44 CONCLUSIONS The data shows that the hypothesis that hyperKPP does not require defective fast inactivation is correct and that hyperKPP could be caused by the hyperpolarizing shift in voltage dependence of activation in combination with impairment of slow inactivation. The episodic weakness that results can thus be attributed to a combination of these two defects. The mutation that was discovered is a transversion mutation that results in the substitution of a highly conserved amino acid, showing its importance in sodium channel function. Due to the fact that slow inactivation is implicated as the cause of HyperKPP, and fast inactivation was proven to not play a role, it can be deduced that because it is a different mutation and different process, it must come from a different part of the molecule. This study is important because it illustrates how through different functional expression, scientists can begin to discover the structure of a molecule.

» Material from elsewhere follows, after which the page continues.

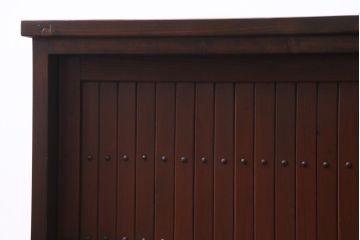 ラフジュ工房オリジナル　リメイク家具　明治期　赤みを帯びた上品な建具を活用した収納棚(ローボード、戸棚)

45 CONCLUSIONS Some of the difficulties associated with this study include: It is hard to read and the researchers do not explain why they choose certain durations of time or measurements. It would be helpful if more references to chosen values were included in the paper. Lastly, it is exciting that now researchers can begin to learn about a disease at the molecular level instead of solely through symptom management. This gives hope that in the future, diseases such as Hyperkalemic Periodic Paralysis can be cured.

46 SOURCES Cannon, Stephen C. “From mutation to myotonia in sodium channel disorders.” Neuromuscular Disorders. 7(1997): Cannon, Stephen C. “Ion-channel defects and aberrant excitability in myotonia and periodic paralysis.” TINS. 19, #1(1996):3-10.